In the silver halide photographic emulsion containing the compound of the present invention as a sensitizing dye, the shortest wavelength showing 50% of the maximum value Amax of the spectral absorptance by the sensitizing dye and 50% of the maximum value Smax of the spectral sensitivity, respectively. The longest wavelength interval is preferably 120 nm or less, more preferably 10 nm.
It is 0 nm or less. Further, the interval between the shortest wavelength and the longest wavelength showing 80% of Amax and Smax is preferably 20 nm or more, preferably 100 nm or less, and more preferably 8 nm.
It is 0 nm or less, particularly preferably 50 nm or less. Also
The distance between the shortest wavelength and the longest wavelength showing 20% of Amax and Smax is preferably 180 nm or less, more preferably 150 nm or less, particularly preferably 120 nm or less, and most preferably 100 nm or less. The longest wavelength showing a spectral absorption of 50% of Amax or Smax is preferably 46.
0nm to 510nm, or 560nm to 610n
m, or 640 nm to 730 nm.

In the present invention, when the dye chromophores are adsorbed in multiple layers on the silver halide grains, the so-called first layer dye chromophore and the second or more layer dye chromophores which are directly adsorbed on the silver halide grains are used. The reduction potential and the oxidation potential of the chromophore may be any, but the reduction potential of the dye chromophore in the first layer is higher than the value obtained by subtracting 0.2 v from the value of the reduction potential of the dye chromophore in the second or more layers. Is preferable from the viewpoint of promoting electron transfer from the dye in the second layer or more to the dye in the first layer and preventing reverse electron transfer, and the reduction potential of the dye chromophore in the first layer is less than that of the dye chromophore in the second layer or more. It is preferable that the value is noble.

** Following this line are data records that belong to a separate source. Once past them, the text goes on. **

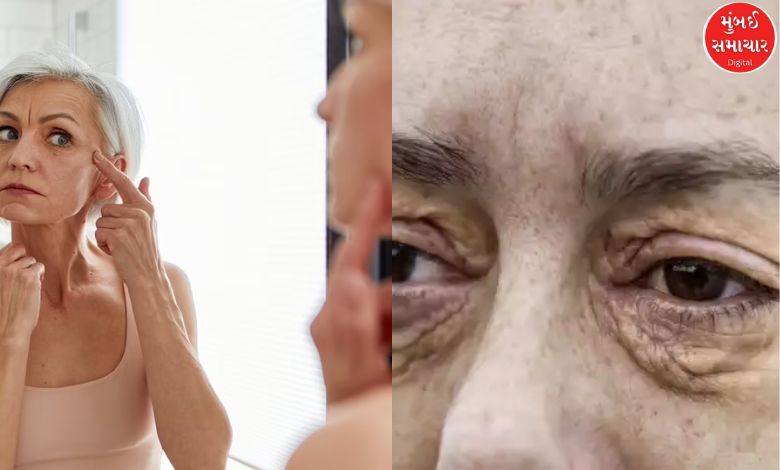 Beware! These symptoms on your face may be signs of heart disease
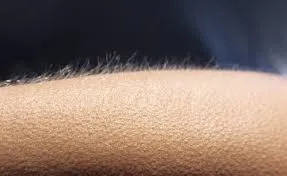Gåshud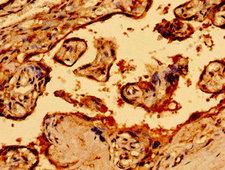 Neurofibromin / NF1 Antibody - Immunohistochemistry image of paraffin-embedded human placenta tissue at a dilution of 1:100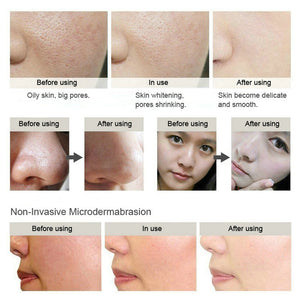 3 in 1 Diamond Microdermabrasion SPA Skin Rejuvenation Exfoliating Equipment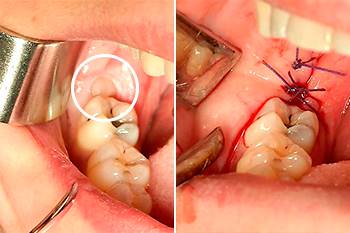 Avulsione dente del giudizio inferiore in inclusione ossea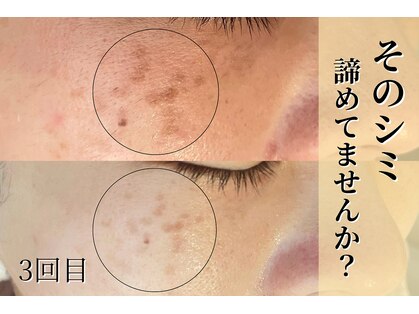 エトレ(etre)の写真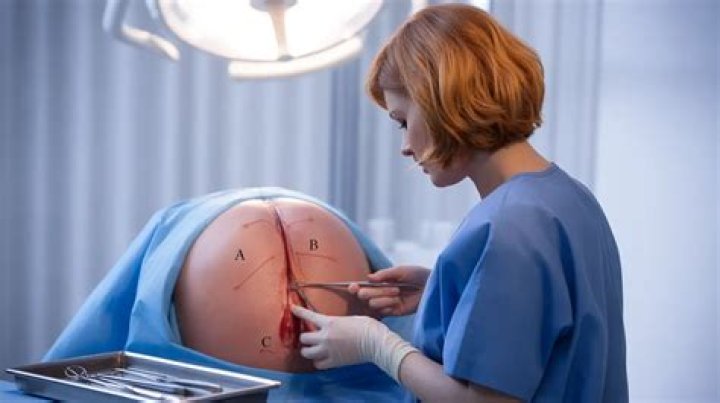 What is a episiotomy?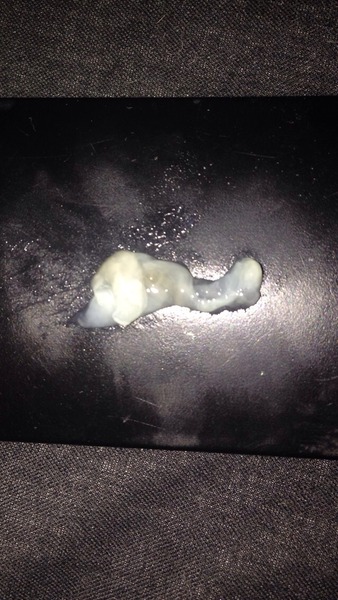 Mucas plug? Warning graphic pic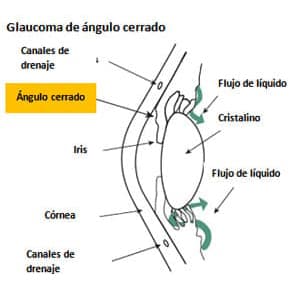 Glaucoma de ángulo cerrado o agudo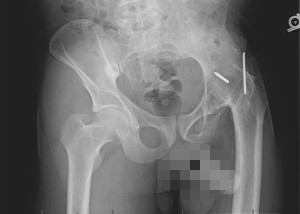XRay image of hip with previous surgery for arthrodesis ( fusion of left hip).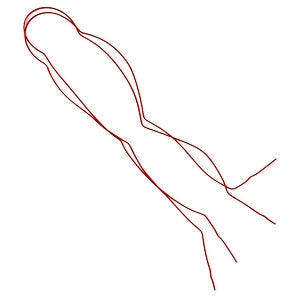 Medline Medi-Loops Mini Vessel Loops - Sterile Mini Vessel Loop, Red - DYNJVL12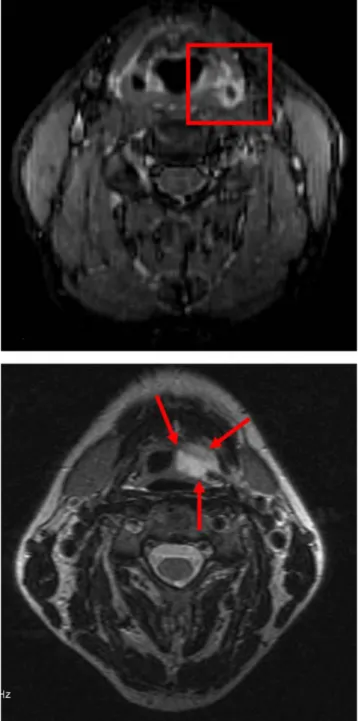 Fig. 3 Muscle findings in ligature strangulation (a, case 8) and a forearm choke hold (b, case 5)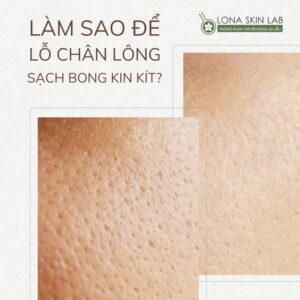 điều trị lỗ chân lông to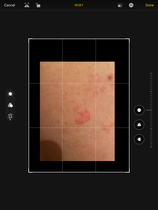 Shingles
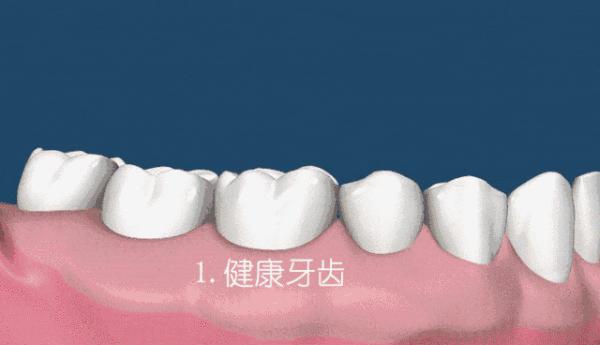 让你口吐芬芳的清新口气牙膏,刷牙口气清新又健康的牙膏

Various methods can be used to measure the reduction potential and the oxidation potential, but it is preferable to use the phase discrimination type second harmonic alternating current polarography, and it is possible to obtain accurate values. it can. The above method of measuring the potential by the phase discrimination type second harmonic alternating current polarography is described in Journal of Imaging Science (Journ).
al of Imaging Science), No. 3
0, page 27 (1986).

The dye chromophores of the second and higher layers are preferably luminescent dyes. As the type of the luminescent dye, those having a skeleton structure of the dye used for the dye laser are preferable. These include, for example, Mitsuo Maeda, Laser Research, Vol. 8, p. 694, p. 803, p. 958 (1980) and vol. 9, p. 85 (1981), and F. Sehaefer.
Organized in "Dye Lasers", Springer (1973).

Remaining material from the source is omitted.